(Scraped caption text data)
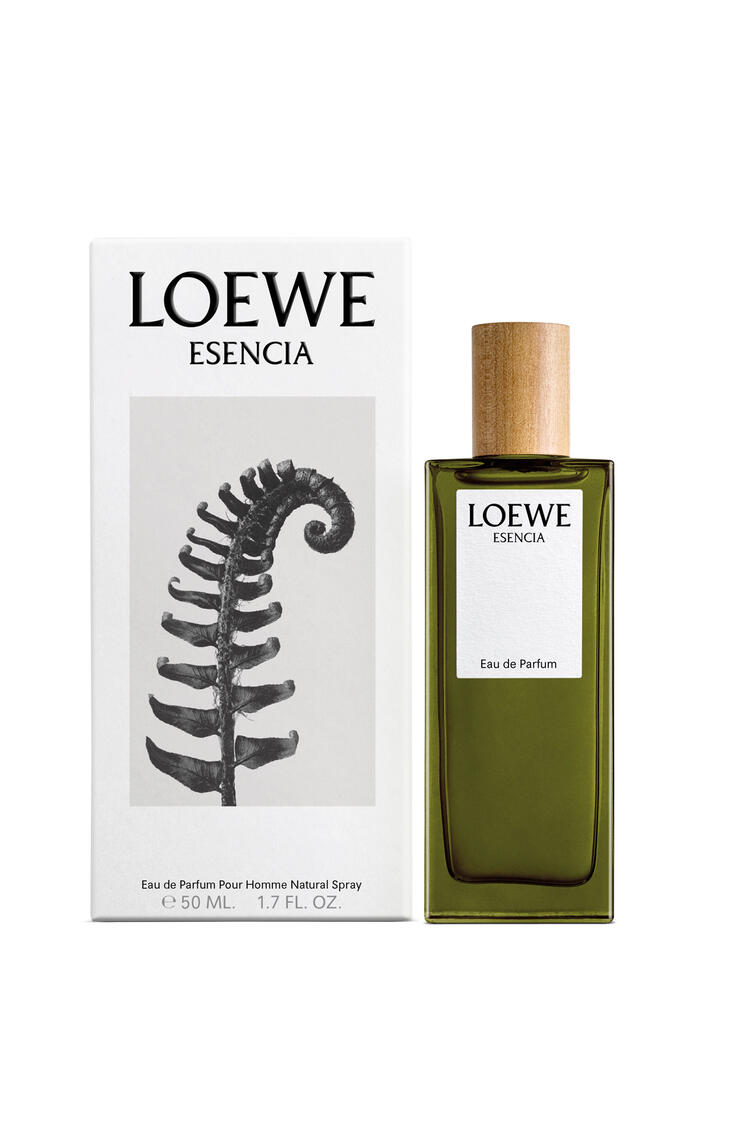LOEWE LOEWE Esencia Eau de Parfum 50ml Colourless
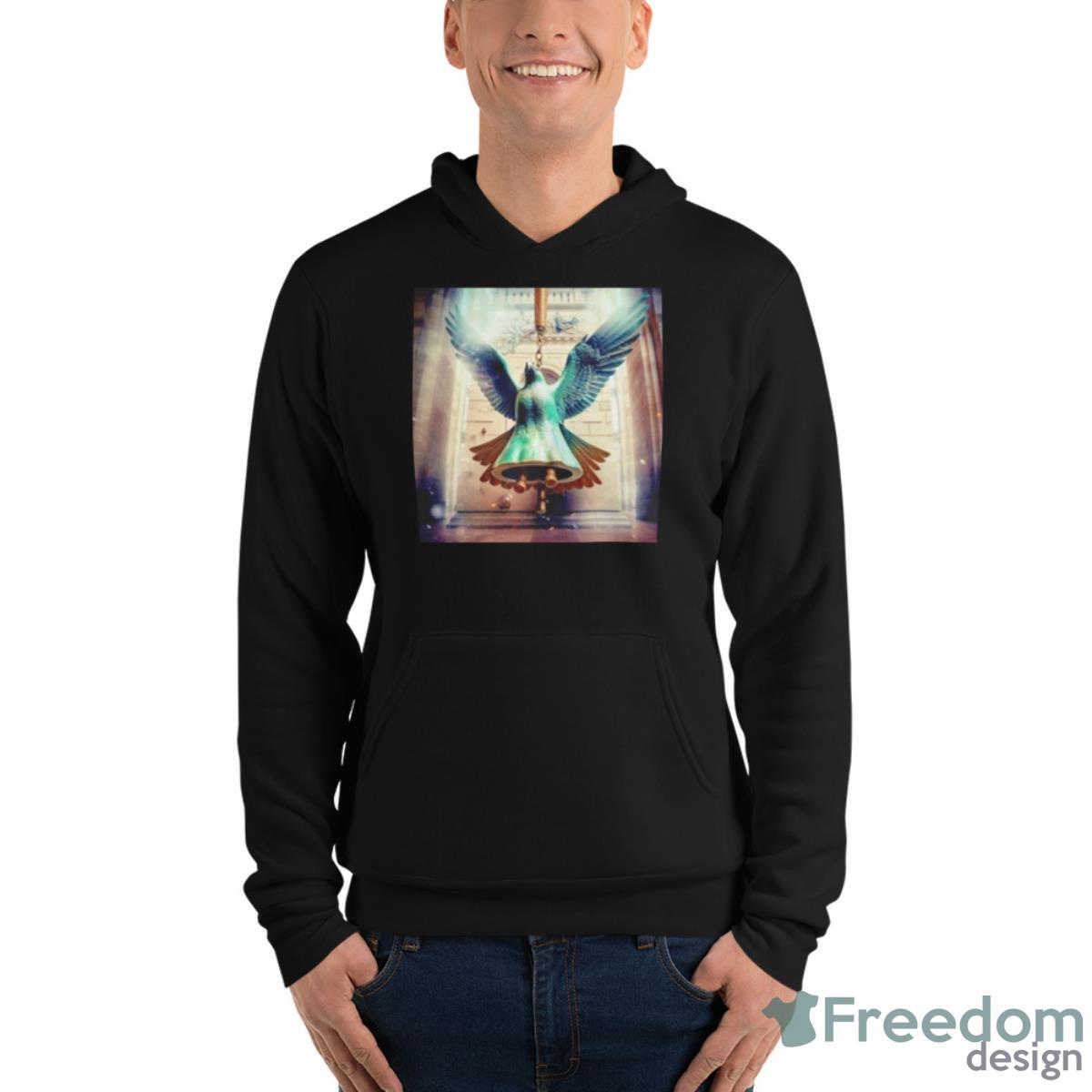 Ring Eagle Philadelphia Eagles Shirt - Unisex Fleece Pullover Hoodie Ring Eagle Philadelphia Eagles Shirt - Unisex Fleece Pullover Hoodie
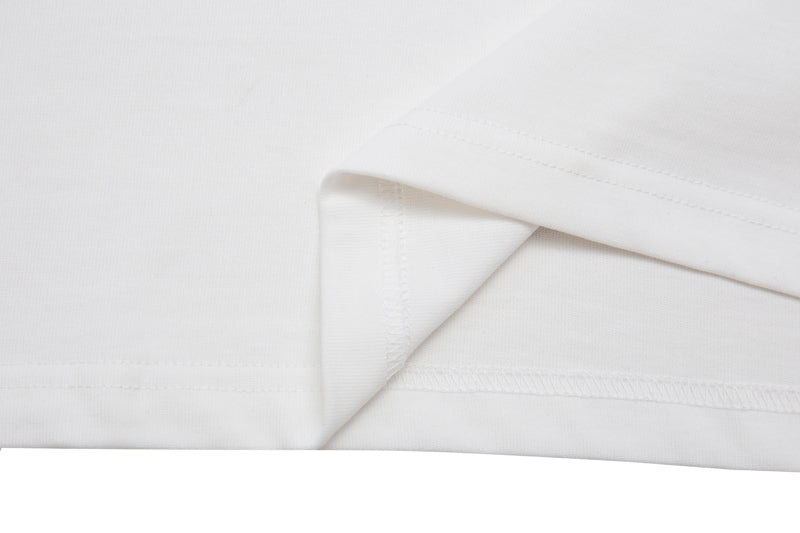 CHROME-HEARTS Neck Logo T-shirt K6022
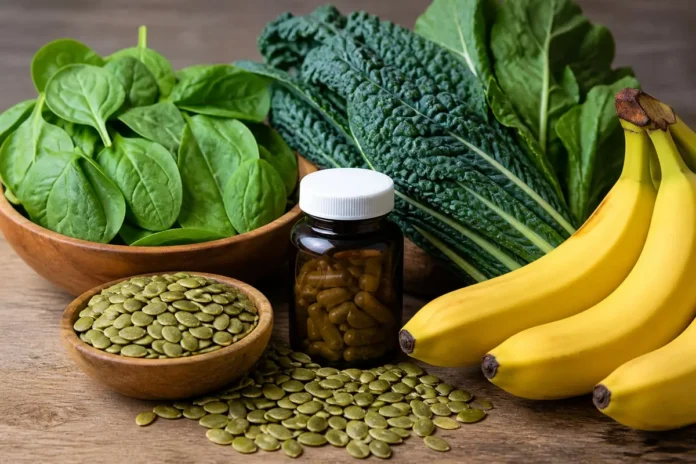Magnesium for Sleep and Stress: Benefits, Food Sources, and Safety Magnesium for Sleep and Stress: Benefits, Food Sources, and Safety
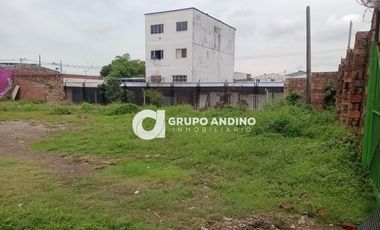 Se Vende Lote en el barrio la Esperanza - Barrancabermeja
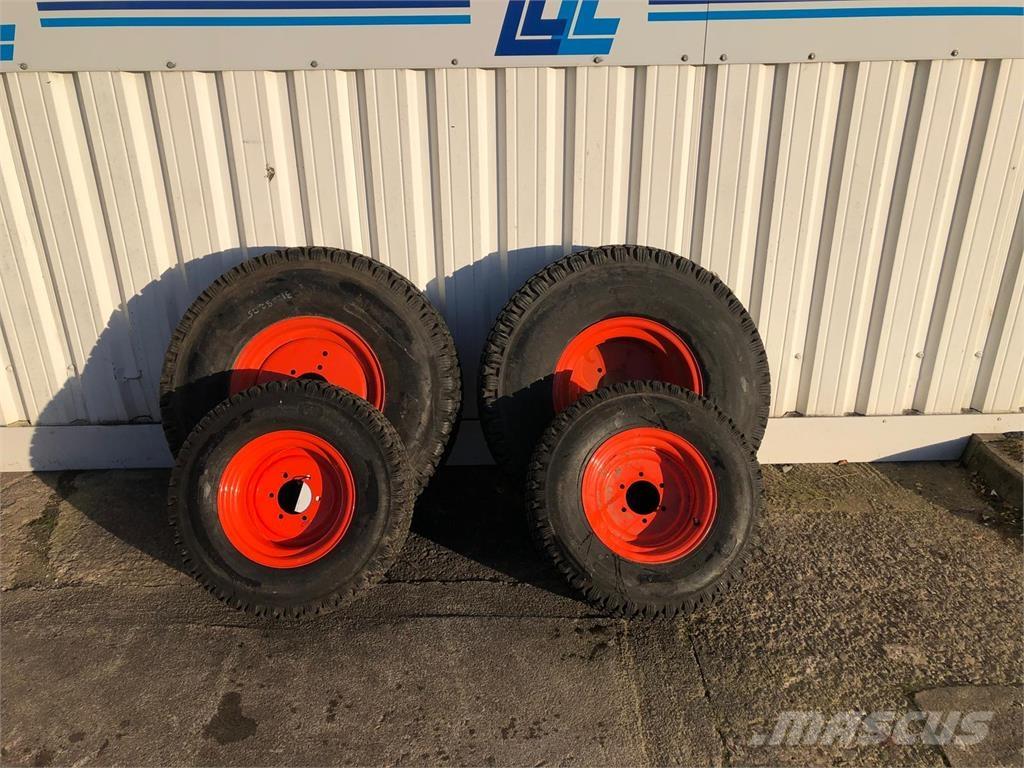 Kubota wheel set 其他地面照料機械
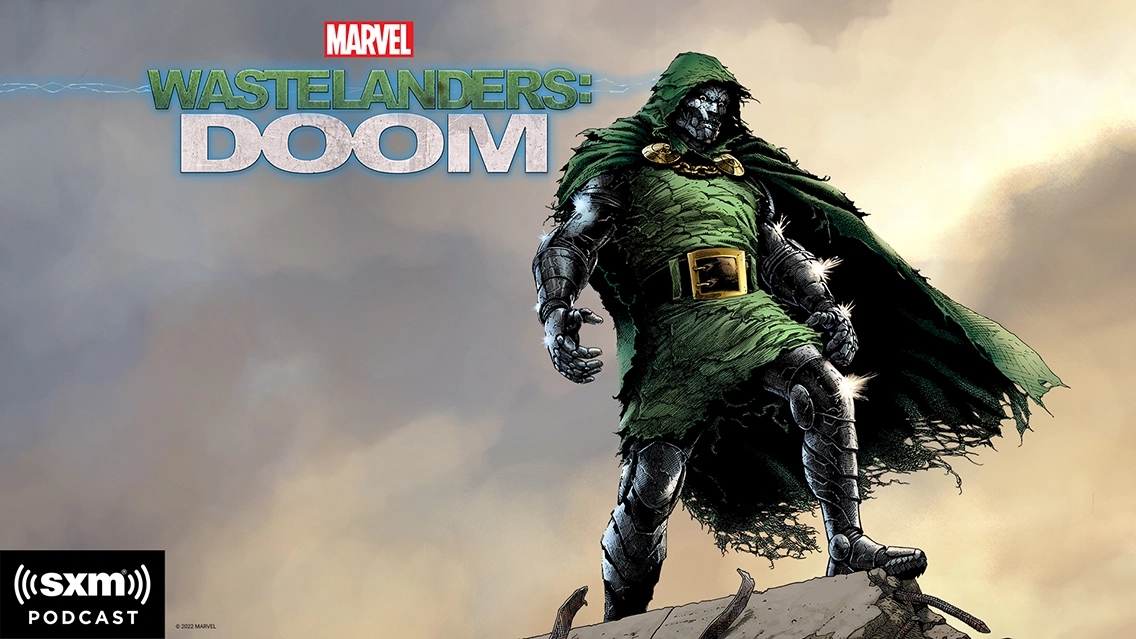 Marvel's Wastelanders book cover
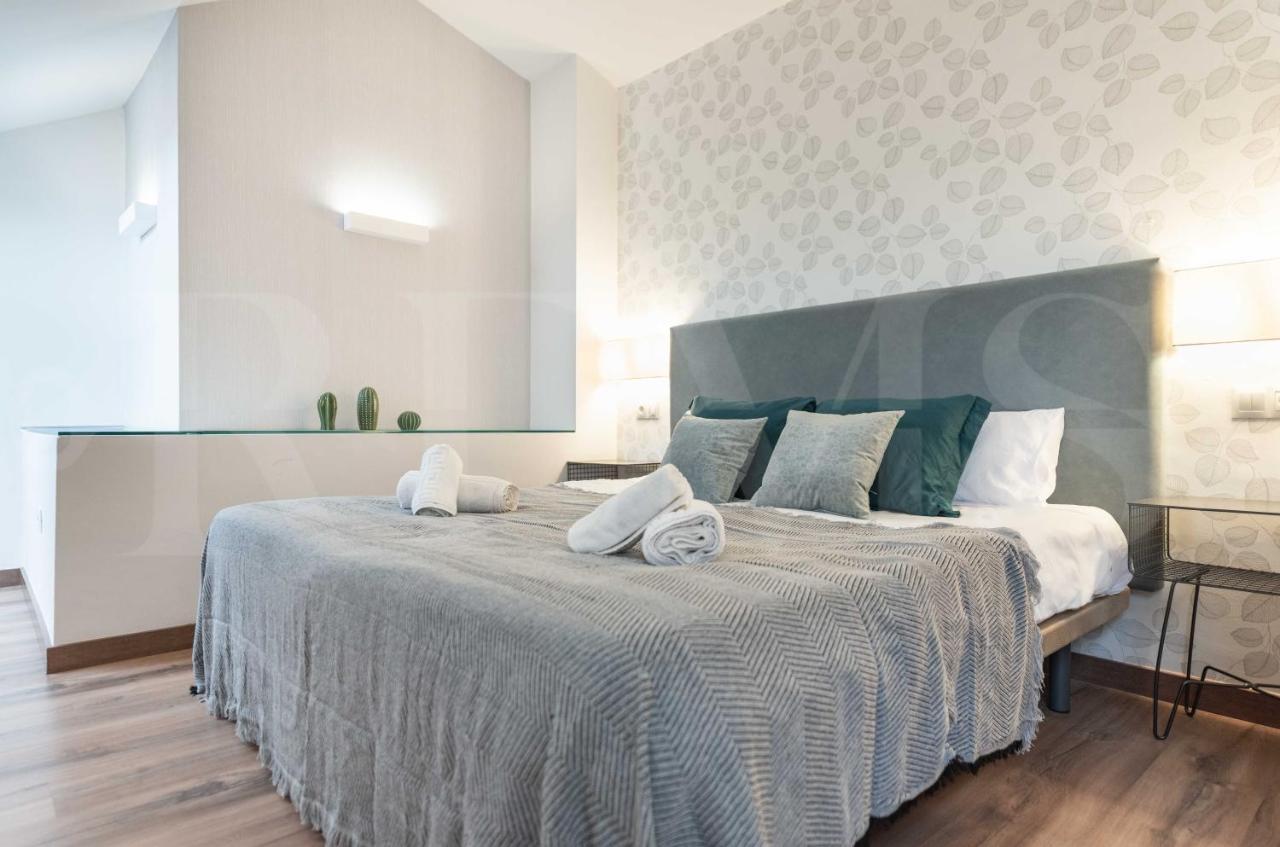 Lovely Duplex With Private Parking Near City Center By Rems Malaga Zewnętrze zdjęcie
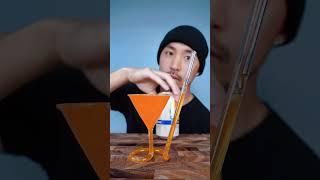 ️Sunkist #asmr #shorts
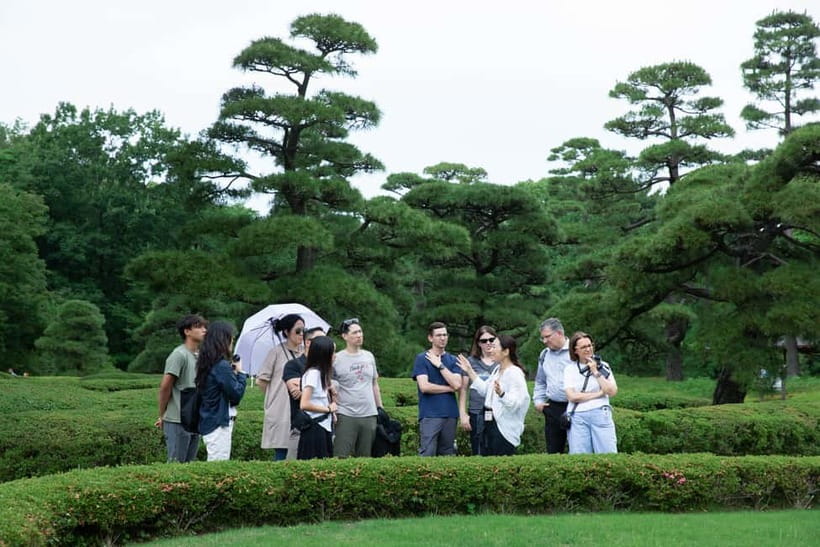 Tokyo: Imperial Palace East Gardens Walking Tour - Who This Tour Fits Best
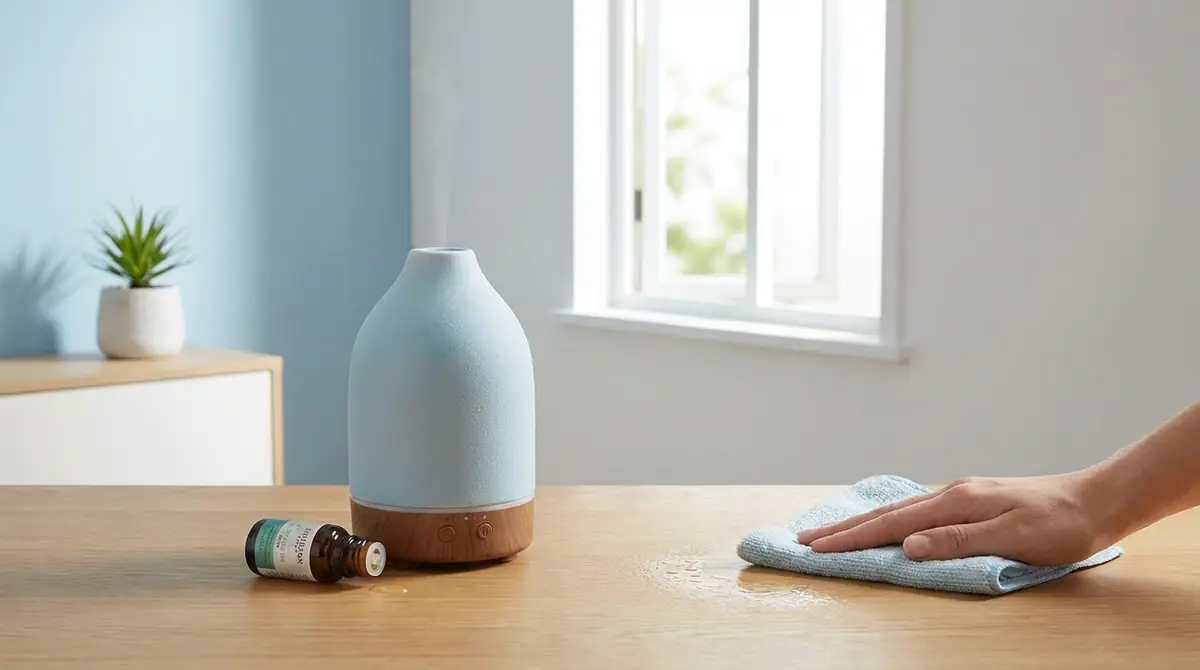 アロマを使ってしまったときの緊急対処法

## [EXERCISE AIM]
The answer should contain nothing but the lines from the top of the data above through the line containing "CHROME-HEARTS Neck Logo T-shirt K6022", copied exactly, with no images.

## [EXERCISE OUTPUT]
LOEWE LOEWE Esencia Eau de Parfum 50ml Colourless
 Ring Eagle Philadelphia Eagles Shirt - Unisex Fleece Pullover Hoodie Ring Eagle Philadelphia Eagles Shirt - Unisex Fleece Pullover Hoodie
 CHROME-HEARTS Neck Logo T-shirt K6022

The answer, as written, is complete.